NotI subtraction and NotI-specific microarrays to detect copy number and methylation changes in whole genomes

Abstract

Methylation, deletions, and amplifications of cancer genes constitute important mechanisms in carcinogenesis. For genome-wide analysis of these changes, we propose the use of NotI clone microarrays and genomic subtraction, because NotI recognition sites are closely associated with CpG islands and genes. We show here that the CODE (Cloning Of DEleted sequences) genomic subtraction procedure can be adapted to NotI flanking sequences and to CpG islands. Because the sequence complexity of this procedure is greatly reduced, only two cycles of subtraction are required. A NotI-CODE procedure can be used to prepare NotI representations (NRs) containing 0.1–0.5% of the total DNA. The NRs contain, on average, 10-fold less repetitive sequences than the whole human genome and can be used as probes for hybridization to NotI microarrays. These microarrays, when probed with NRs, can simultaneously detect copy number changes and methylation. NotI microarrays offer a powerful tool with which to study carcinogenesis.

Representational difference analysis (RDA) (1) and restriction fragment length polymorphism subtraction (2) were reproducibly successful in cloning deleted sequences. However, these methods are sensitive to minor impurities, are laborious, and suffer from a number of limitations (e.g., the inability to detect differences due to point mutations, small deletions, or insertions). Furthermore, the PCR amplification after the first hybridization step and before the nuclease treatment may give rise to artifacts.

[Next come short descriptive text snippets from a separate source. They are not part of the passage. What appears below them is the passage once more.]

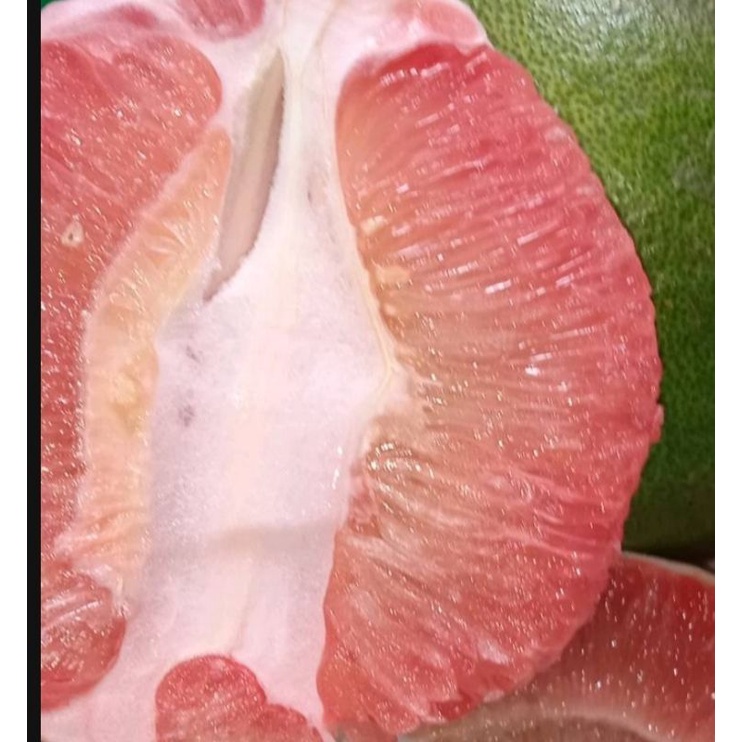 

Jeruk Red Pamelo Ukuran besar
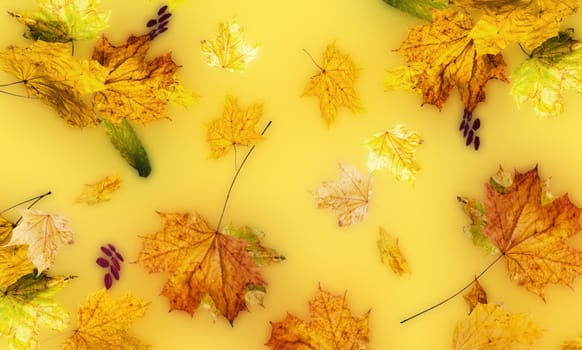 The autumn fallen down leaves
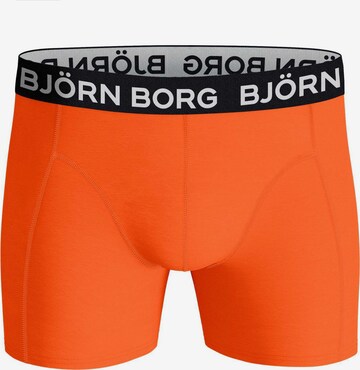 BJÖRN BORG Athletic Underwear in Mixed colors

Excess driver DNA can result in reduced efficiency in amplification of the tester–tester duplexes because of the potential formation of residual driver–driver and driver–tester duplexes that act as competitors. As RDA is based mainly on the specific amplification of the desired products and requires 95–110 PCR cycles, it suffers from a “plateau effect” that is characterized by a decline in the exponential rate of accumulation of amplification products. However, the major problem results from the inefficiency of the multiple restriction digestion and ligation reactions that are used in this method, and which lead to the generation of false positives. Furthermore, these experiments result in the cloning of products that usually do not represent functional genes. Similarly, the methylation-sensitive representational difference analysis (3), aimed at CpG-rich sequences, suffers from the same limitations as the original RDA.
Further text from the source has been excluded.